• **The data**:
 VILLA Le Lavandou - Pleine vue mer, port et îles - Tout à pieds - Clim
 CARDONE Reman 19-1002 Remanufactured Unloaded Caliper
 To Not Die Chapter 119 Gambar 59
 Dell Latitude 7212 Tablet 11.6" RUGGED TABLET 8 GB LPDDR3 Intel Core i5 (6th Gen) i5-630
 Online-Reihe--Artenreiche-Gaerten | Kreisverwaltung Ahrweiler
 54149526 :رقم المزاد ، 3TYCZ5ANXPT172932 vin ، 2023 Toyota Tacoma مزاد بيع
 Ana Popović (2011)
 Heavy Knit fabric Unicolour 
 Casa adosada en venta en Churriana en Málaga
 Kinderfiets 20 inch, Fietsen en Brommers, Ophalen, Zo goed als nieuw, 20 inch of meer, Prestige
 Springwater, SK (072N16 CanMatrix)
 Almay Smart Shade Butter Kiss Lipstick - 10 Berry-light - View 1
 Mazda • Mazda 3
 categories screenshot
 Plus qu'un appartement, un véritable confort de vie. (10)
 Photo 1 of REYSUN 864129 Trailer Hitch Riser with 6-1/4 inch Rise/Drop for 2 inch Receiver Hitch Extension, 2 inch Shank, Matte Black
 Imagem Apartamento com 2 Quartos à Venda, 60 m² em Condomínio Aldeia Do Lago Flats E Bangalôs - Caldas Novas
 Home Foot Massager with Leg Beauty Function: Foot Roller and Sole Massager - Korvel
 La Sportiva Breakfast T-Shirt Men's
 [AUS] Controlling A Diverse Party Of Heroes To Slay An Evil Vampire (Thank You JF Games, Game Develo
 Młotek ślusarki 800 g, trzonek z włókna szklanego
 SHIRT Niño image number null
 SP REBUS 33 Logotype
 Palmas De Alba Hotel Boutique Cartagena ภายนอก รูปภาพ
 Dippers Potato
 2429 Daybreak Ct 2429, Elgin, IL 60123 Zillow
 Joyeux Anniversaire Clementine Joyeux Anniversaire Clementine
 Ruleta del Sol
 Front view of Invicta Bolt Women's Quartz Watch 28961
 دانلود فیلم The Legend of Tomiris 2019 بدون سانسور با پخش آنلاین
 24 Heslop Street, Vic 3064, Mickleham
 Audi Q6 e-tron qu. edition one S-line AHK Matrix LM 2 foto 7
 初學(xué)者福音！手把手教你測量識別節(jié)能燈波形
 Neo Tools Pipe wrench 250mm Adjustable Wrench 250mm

• **Exercise objective**: Look over the records above, and wherever a line contains the string "inch", copy that line.

• **Exercise output**:
 Kinderfiets 20 inch, Fietsen en Brommers, Ophalen, Zo goed als nieuw, 20 inch of meer, Prestige
 Photo 1 of REYSUN 864129 Trailer Hitch Riser with 6-1/4 inch Rise/Drop for 2 inch Receiver Hitch Extension, 2 inch Shank, Matte Black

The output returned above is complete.